In addition, the index server 200 can assist in evaluating index management costs and selecting an optimal index structure in accordance with data updates when indexes are applied in a static environment and a dynamic data environment.

FIG. 15 is a block diagram of a user terminal according to an exemplary embodiment.

Referring to FIG. 15, the user terminal 300 according to an exemplary embodiment may include a communication module 310, a memory 340, and a processor 350. According to an exemplary embodiment, some components of the user terminal 300 may be omitted, or additional components may be included. Also, some of the components of the user terminal 300 may be combined into one entity but may perform functions of the corresponding components before the combination in the same way.

The input device 320 may receive an input of a user who uses the user terminal 300. The input device 320 may include an input detection circuit of at least one of a button, a touchscreen, and a microphone.

The output device 330 may visually or audibly output at least one kind of data among symbols, numerals, or characters in accordance with control of the processor 350. The output device 330 may include at least one of, for example, a liquid crystal display (LCD), an organic light-emitting diode (OLED) display, a touchscreen display, and a speaker.

The communication module 310 may support establishment of a communication channel or a wireless communication channel between the user terminal 300 and another device (e.g., the index server 200) and communication via the established communication channel. The communication channel may include at least one of, for example, local area network (LAN), fiber to the home (FTTH), x-digital subscriber line (xDSL), wireless broadband (WiBro), wireless LAN, Wi-Fi, Bluetooth, ZigBee, Wi-Fi direct (WFD), ultrawideband (UWB), Infrared Data Association (IrDA), Bluetooth Low Energy (BLE), near field communication (NFC), 3rd Generation (3G), 4th Generation (4G), and 5th Generation (5G) communication channels.

The memory 340 may include various volatile memories or non-volatile memories. For example, the memory 340 may include a ROM and a RAM. According to an exemplary embodiment, the memory 340 may be inside or outside the processor 350 and connected to the processor 350 through various known devices.
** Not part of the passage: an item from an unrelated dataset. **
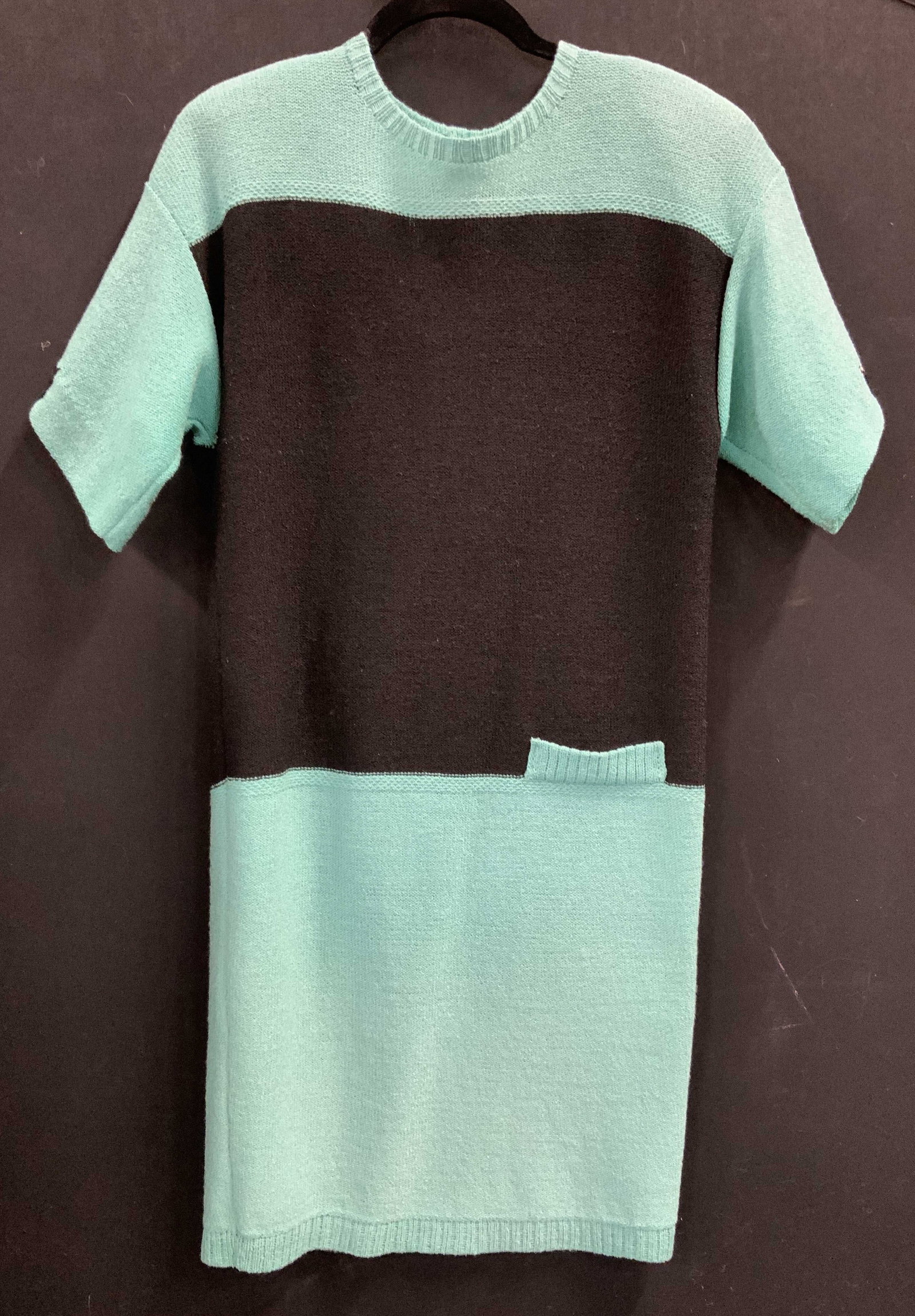 Steve Fabrikant Knit Color Block Dress: Vintage Knit Dress with color block black and aqua, shoulder pads. Possibly acrylic knit. Button closure on backside. 33-35 in. Waist. 35 in. Long. Vintage wear, knitwear, dress, Designer Steve Fabrik
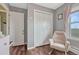 Comfortable bedroom nook with rocker chair, ample closet space, and natural light at 1143 Belgian Trl, Elizabeth, CO 80107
The memory 340 may store various data used by at least one component (e.g., the processor 350) of the user terminal 300. The data may include, for example, software and input data or output data for commands related to the software. For example, the memory 340 may store at least one instruction and data to provide a location data search service based on the index server 200. For example, the memory 340 may store an instruction and data related to execution of a designated application using an index based on location data.

The processor 350 may control at least one other component (e.g., a hardware or software component) of the user terminal 300 and perform various types of data processing or computation. The processor 350 may include at least one of, for example, a CPU, a graphics processing unit (GPU), a microprocessor, an application processor, an application-specific integrated circuit (ASIC), and a field programmable gate array (FPGA) and may have a plurality of cores. The processor 350 may search for transaction data through the index server 200 by executing the designated application.
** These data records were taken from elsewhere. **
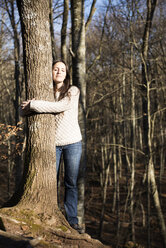 Frau umarmt eine Buche im Wald - GEMF000073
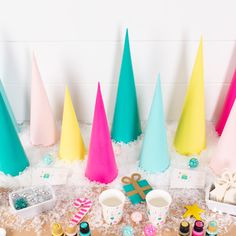 there are many different colored cones on the table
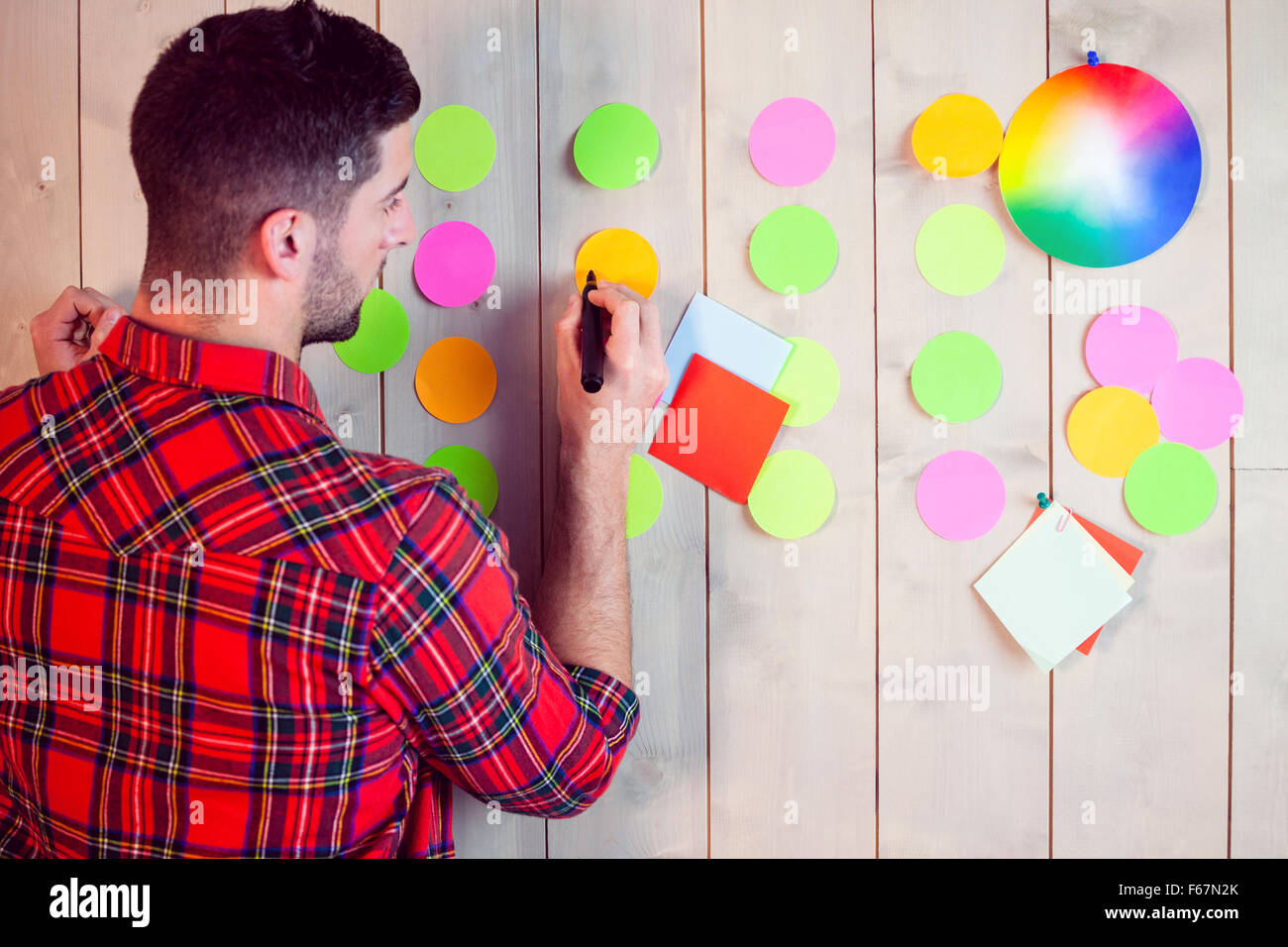 Creative worker using wall for brainstorm Stock Photo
The processor 350 may acquire a user query through the input device 320 and transmit the acquired query to the index server 200 through the communication module 310. The query may include at least one of an exact-matching query, a range query, and a k-NN search query.

The processor 350 may receive a query result and verification data searched by the index server 200, calculate root hash information of a K-d-B tree related to a searched leaf node included in the query result using construction-related information of a partial Merkle tree and hierarchical hash information included in the verification data. And the processor 350 may verify integrity of the query result on the basis of the calculated root hash information. For example, the processor 350 may calculate hash information of leaf nodes related to the searched leaf node on the basis of the verification data, calculate root hash information of the K-d-B tree using the calculated hash information and the hierarchical hash information, and compare the calculated root hash information with original root hash information to verify the integrity of the query result.

Additionally, about the original root hash information, the processor 350 may acquire the verification data including a signed copy of the original root hash information that is encrypted using a secret key. In case, the processor 350 may verify the integrity of the original root hash information using a previously acquired public key and the signed copy and then compare the verified original root hash information with the calculated root hash information to verify the integrity of the query result.

In addition, the processor 350 may acquire the verification data further including not only the location data of each leaf node in the K-d-B tree but also axis-specific neighbor data including x-axis next location data and y-axis next location data of the location data. The processor 350 may verify completeness of an index DB on the basis of continuity or distinguish between each piece of location data included in the searched leaf node and the axis-specific neighbor data.

Additionally or alternatively, the processor 350 may acquire the verification data including the axis-specific neighbor data signed using a secret key. When the query is a range query, the processor 350 may verify completeness of the index DB by checking whether all the axis-specific neighbor data included in the verification data is outside of the corresponding range.

The processor 350 may output an integrity verification result of the query result (whether it fails in authentication) through the output device 330. Also, the processor 350 may output the query result through the output device 330.

When the integrity of the query result is verified, the processor 350 may acquire the transaction data from a blockchain network on the basis of a transaction ID included in the searched query result. Alternatively, when the integrity is verified, the processor 350 may acquire the transaction data included in the query result through the index server 200.

FIG. 16 is a flowchart of a method of indexing blockchain transaction data according to an exemplary embodiment.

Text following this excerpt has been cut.